**WHAT TO DO**. For the lines from the one with "若い女性 ガッツポーズ 若い女性 ガッツポーズの写真" to the end of the listing below, both ends included, give an exact copy and nothing more. Do not copy pictures.

**EXERCISE DATA**.
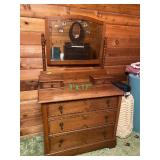 Carved wood antique dresser with mirror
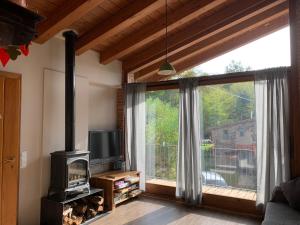 uma sala de estar com lareira e uma grande janela em La Cabanya de Mas Gingi em Sant Joan les Fonts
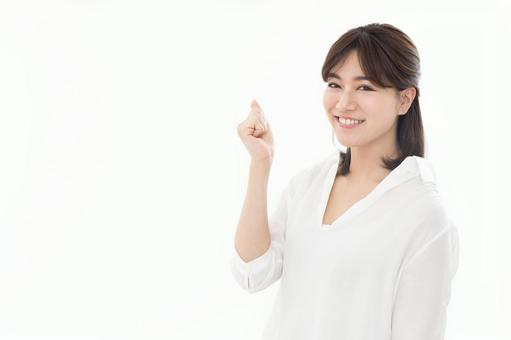若い女性 ガッツポーズ 若い女性 ガッツポーズの写真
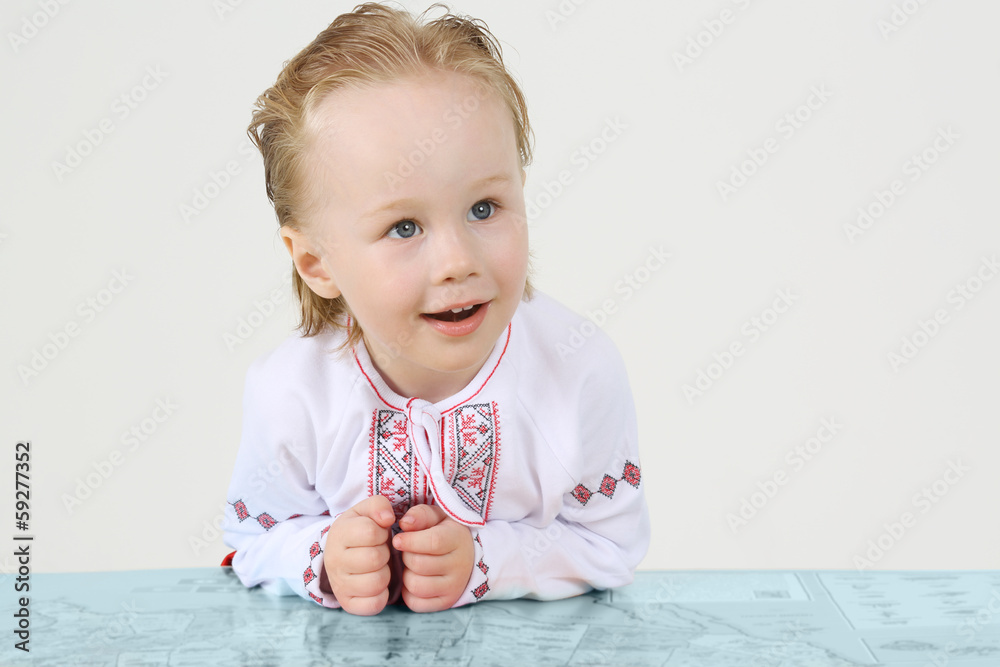 Little boy in Russian national costume and big map on white Little boy in Russian national costume and big map on white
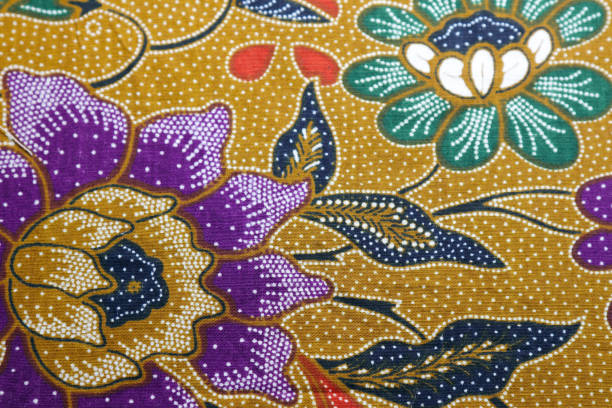 istock Ocher color based Batik fabric with oriental purple and white floral texture. 1436983492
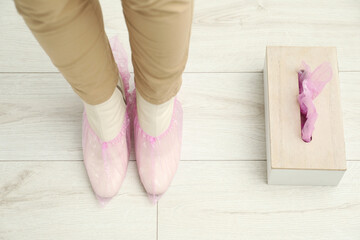 Woman wearing pink shoe covers onto her boots indoors, top view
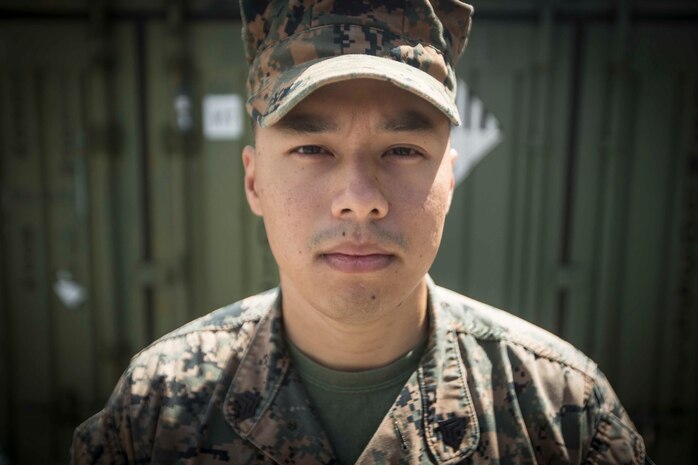 Sgt. Jimmy Siackasone, a defense cyberspace operator with S-6, Command Element, 31st Marine Expeditionary Unit, stands outside the 31st MEU S-6 compound on Camp Hansen, Okinawa, Japan, April 18, 2019.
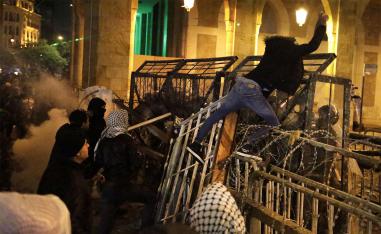 An anti-government protester stands on barriers defense as he throws stones against the riot police in Beirut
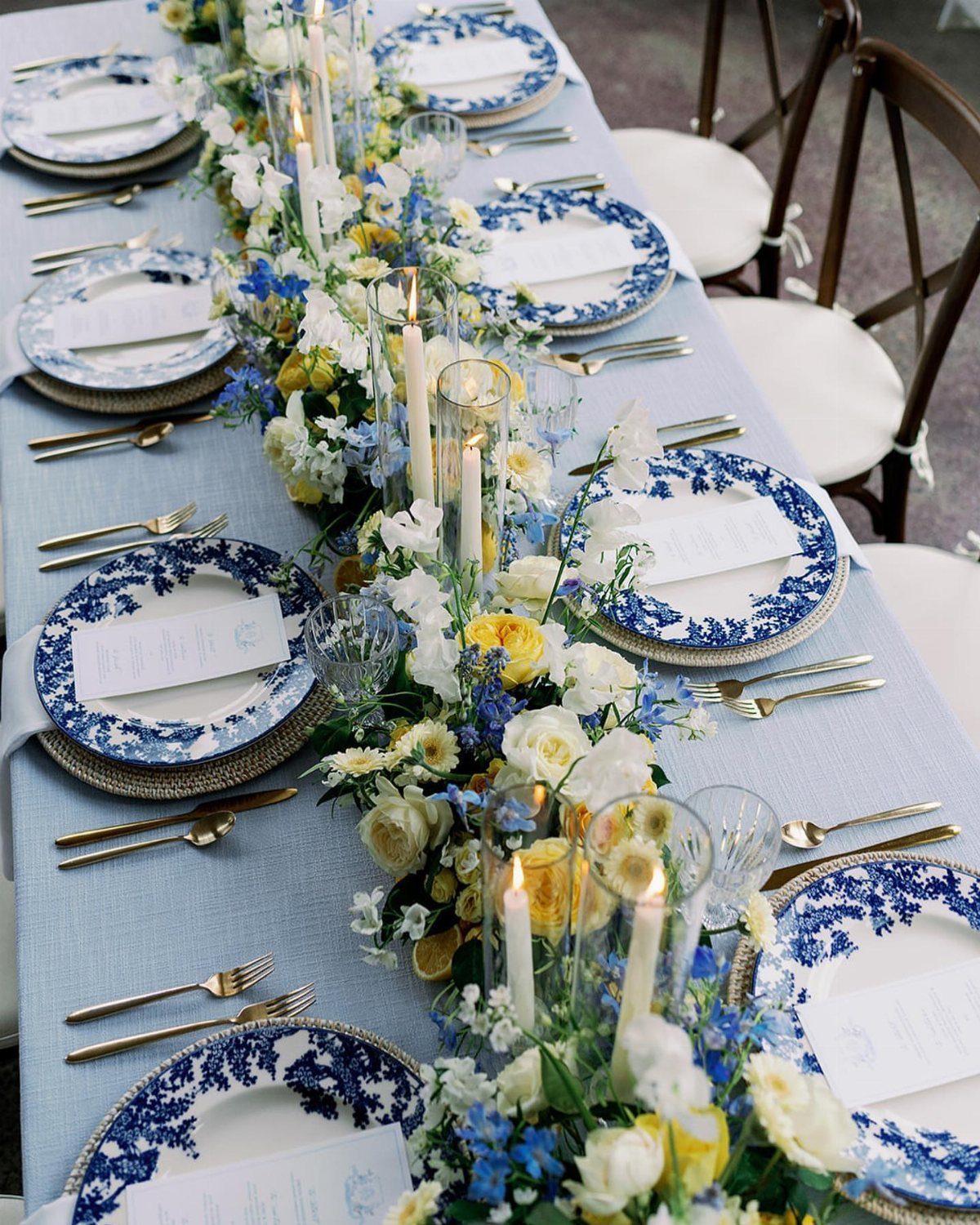 A long wedding table set with blue patterned plates, gold cutlery, and yellow and blue floral arrangements.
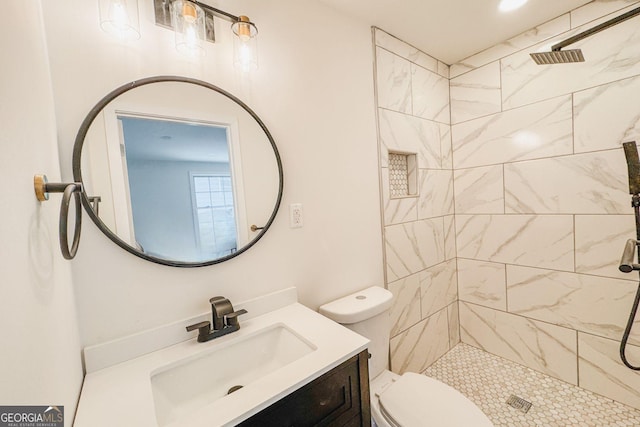 947 Reed Ave, East Point, GA 30344 - bathroom featuring tiled shower, toilet, and vanity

**REPLY TO THE TASK**.
若い女性 ガッツポーズ 若い女性 ガッツポーズの写真
 Little boy in Russian national costume and big map on white Little boy in Russian national costume and big map on white
 istock Ocher color based Batik fabric with oriental purple and white floral texture. 1436983492
 Woman wearing pink shoe covers onto her boots indoors, top view
 Sgt. Jimmy Siackasone, a defense cyberspace operator with S-6, Command Element, 31st Marine Expeditionary Unit, stands outside the 31st MEU S-6 compound on Camp Hansen, Okinawa, Japan, April 18, 2019.
 An anti-government protester stands on barriers defense as he throws stones against the riot police in Beirut
 A long wedding table set with blue patterned plates, gold cutlery, and yellow and blue floral arrangements.
 947 Reed Ave, East Point, GA 30344 - bathroom featuring tiled shower, toilet, and vanity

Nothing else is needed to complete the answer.